Piccoli cittadini
Mi è recentemente capitato di partecipare ad un incontro in biblioteca con due classi quarte di una scuola primaria, in una zona multietnica di periferia. Come spesso mi trovo a pensare, l’apprendimento non nozionistico ma attivo passa attraverso figure di riferimento portanti, insegnanti che vogliono e sanno veicolare messaggi di analisi e di partecipazione.
Così, ci sono bambini di nove anni che ti spiegano il termine ‘resilienza’ – ci sono arrivati da soli, aggiunge la maestra di fronte allo stupore dei convenuti, partendo dall’osservazione delle piante in ambienti sfavorevoli. Ci sono bambini che riflettono sulle sfumature lessicali dei termini olocausto, Shoah e genocidio. Ci sono anche bambini che trovano le analogie concettuali tra Shoah e pulizia etnica nella ex Jugoslavia degli anni Novanta. Un ragazzino dichiara orgogliosamente che lui lo sa, suo padre da lì è dovuto fuggire, da dove non ricorda esattamente ma se lo farà dire perché così conoscerà una parte della propria storia familiare e potrà tramandarne a sua volta memoria.
Una bambina azzarda un’interpretazione del viaggio di deportazione verso i campi di sterminio come ideologicamente votata a disumanizzare le persone, che in quel modo si sarebbero sentite ‘di meno degli esseri umani’. Un altro aggiunge, e infatti poi c’era il numero tatuato, quindi non eri più considerato una persona.
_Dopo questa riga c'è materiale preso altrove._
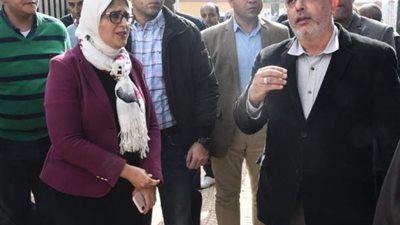 وزيرة الصحة تشدد على سرعة الإنتهاء من أعمال التجهيزات بوحدة طب أسرة الدبابية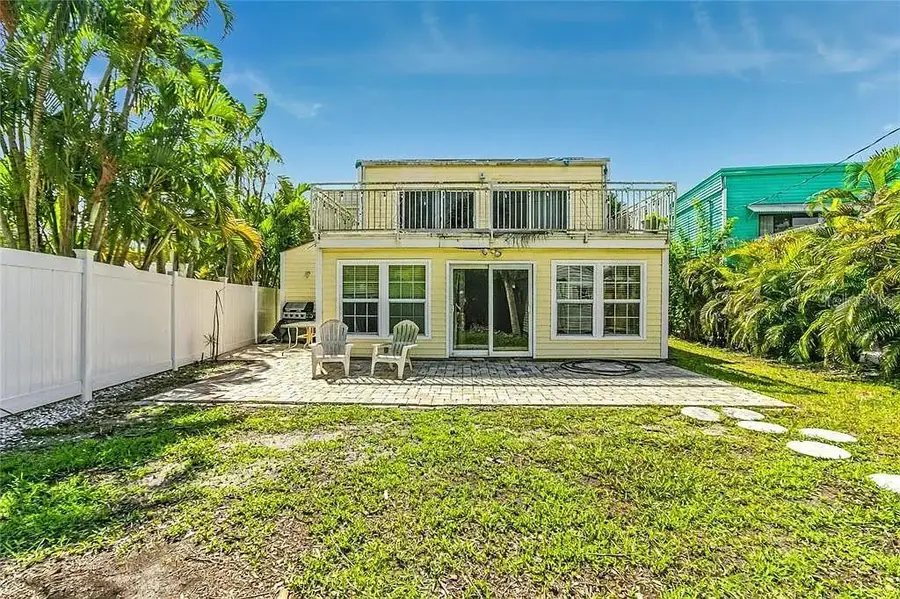 643 Calle De Peru, Sarasota, FL 34242 - #2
Colgono la contraddizione beffarda tra i fatti e gli slogan (‘il lavoro rende liberi’, ma quello non era lavoro, e ancora, ‘un pidocchio, la tua morte’, quando non era proprio possibile restare puliti). Ragionano sulla vacuità di giorni commemorativi relegati ad un rapido momento di vuota retorica, quando se si volesse sarebbe possibile parlare e lavorare sempre su certi argomenti. Loro lo fanno da anni, in seconda elementare hanno persino imparato Gam gam, e conoscono anche il significato perché il loro maestro ha cercato la traduzione. Anzi, per favore maestro, la possiamo cantare? Prima di lasciare questo luogo così importante, dove qualcuno prova a portare anche i genitori, perché questo è un posto dove si possono fare tante cose e soprattutto è un ambiente calmo, dove se si è tristi si può venire a stare un po’ con se stessi e pensare.
Un abbraccio, un altro ancora, davvero non possiamo rientrare a scuola insieme, ma chissà forse ci rivedremo il prossimo anno, intanto nel frattempo continueranno a discutere di razzismo ed indifferenza – che, argomenta un bambino, è ancora più pericolosa di chi volontariamente fa del male ma sarebbe isolato se non ci fossero tutti quelli che glielo permettono o fanno finta di non vedere. In quinta, spiega il docente, potranno affrontare un percorso un po’ più elaborato su inclusione e cittadinanza. Con buona pace di tutti quegli insegnanti che invece non si attivano per preparare un lavoro sul giorno della memoria (non è nel programma che stanno svolgendo, dicono) e figuriamoci per parlare di temi politicamente scottanti, mentre loro devono insegnare e non fare politica. Insegnare cosa, è tutto da vedere.